Since she started her service in 1988, Alex, as the ship was affectionately referred to, was a frequent participant of races and rallies, including those organised in Poland. On board of the ship, young people from different corners of the world learned sailing and developed strength to struggle against the elements. After some time, practical Germans decided that the 62.5 m ship was too small and too costly. They wanted to build a new one, a bit longer barque, based on the blueprints of KRI Dewaruci, an Indonesian barquentine built in Germany in 1953. It took several years for the Deutsche Stiftung Sail Training (DSST), the operator, to collect the funding. The total amount needed was 15 million euros. She was built in the Bremerhaven shipyard and she was the first tall ship to be built in Germany in fifty years after the Gorch Fock replica that was built in 1958. On the change of guard ceremony, however, white sails were hoisted on the masts of the 65 metres ship. The pressure from the sailors’ community was very strong and in 2015 all 24 sails went up for the first time. Alex has been proudly using green sails until today. The total area of sails is 1360 square metres. It is worth adding that the sails were made by Bryt Sails, a Polish company.
The operator emphasises that the ship is truly green, not only when it comes to her colour. We put much emphasis on environmental conservation. We keep all out waste on board and we operate a wastewater treatment installation. The ship meets top environmental standards, explains Jens Middendorf from the DSST.

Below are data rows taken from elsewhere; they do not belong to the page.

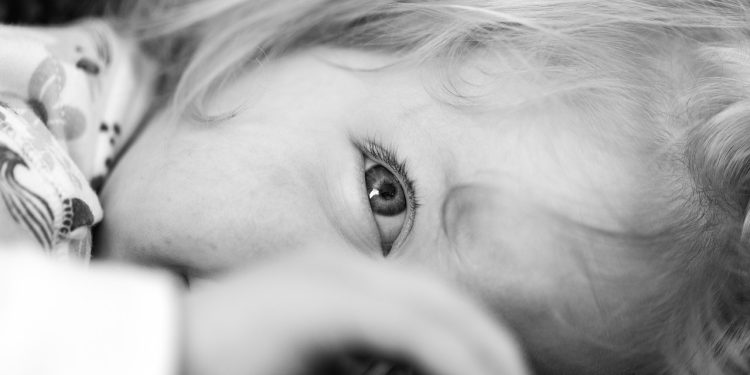 Niños mayores que duermen con sus padres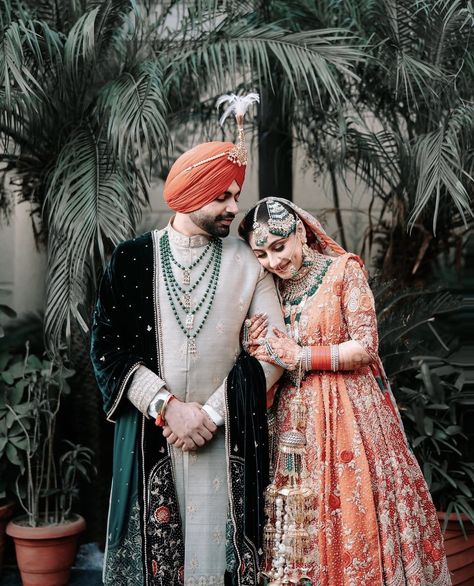 Reception Dress For Groom, Reception Couple Shoot, Mahendi Pose, Coupal Pose, Reception Outfit For Bride Indian, Punjabi Pre Wedding, Couple Wedding Dress Indian Hindu, Couple Indian, Couple Poses Ideas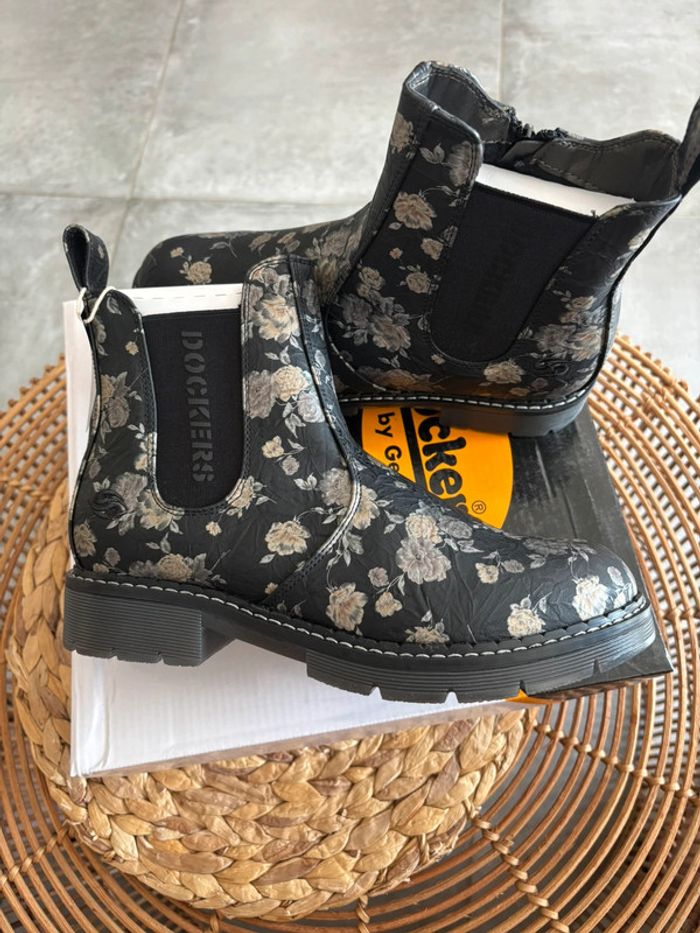 Paire de bottine noire 40 neuve dockers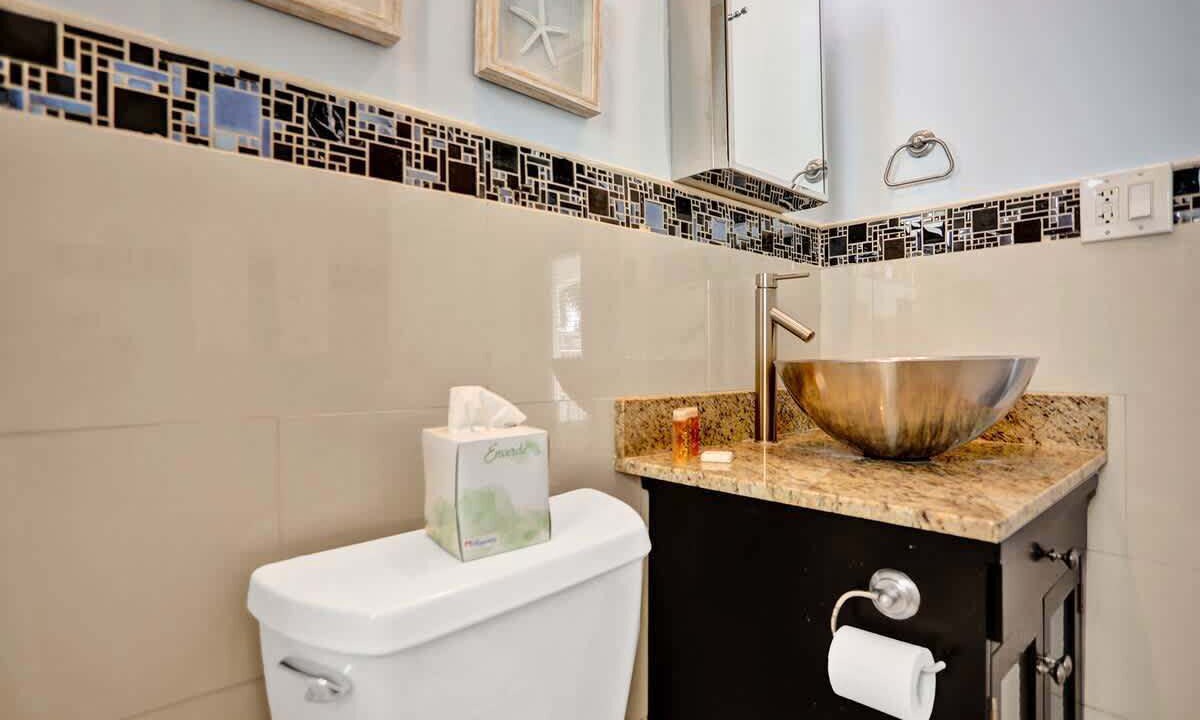 Photo of Bathroom in Hendricks and Venice Isles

In summer, the ship participates in races and sailing events in Europe, whereas in winter, she takes young Germans to warmer areas of the globe, such the Caribbean or the Mediterranean Sea. In 2019 and 2020, when Gorch Fock underwent renovation, Deutsche Marine cadets practiced under the green sails. The Alexander von Humboldt II crew consists of 79 people. They stay in 26 cabins that cater for 2, 3 and 4 people each.
What has the predecessor been doing? For several years, she stayed in the Bahamas and Canary Islands operating as a cruiser and a hotel. Finally, she returned to her home port of Brema, Germany. Today, she is used as a restaurant ship moored on the river of Weser at the popular Schlachte promenade. Clients can rent her deck and rooms to organise corporate parties and events.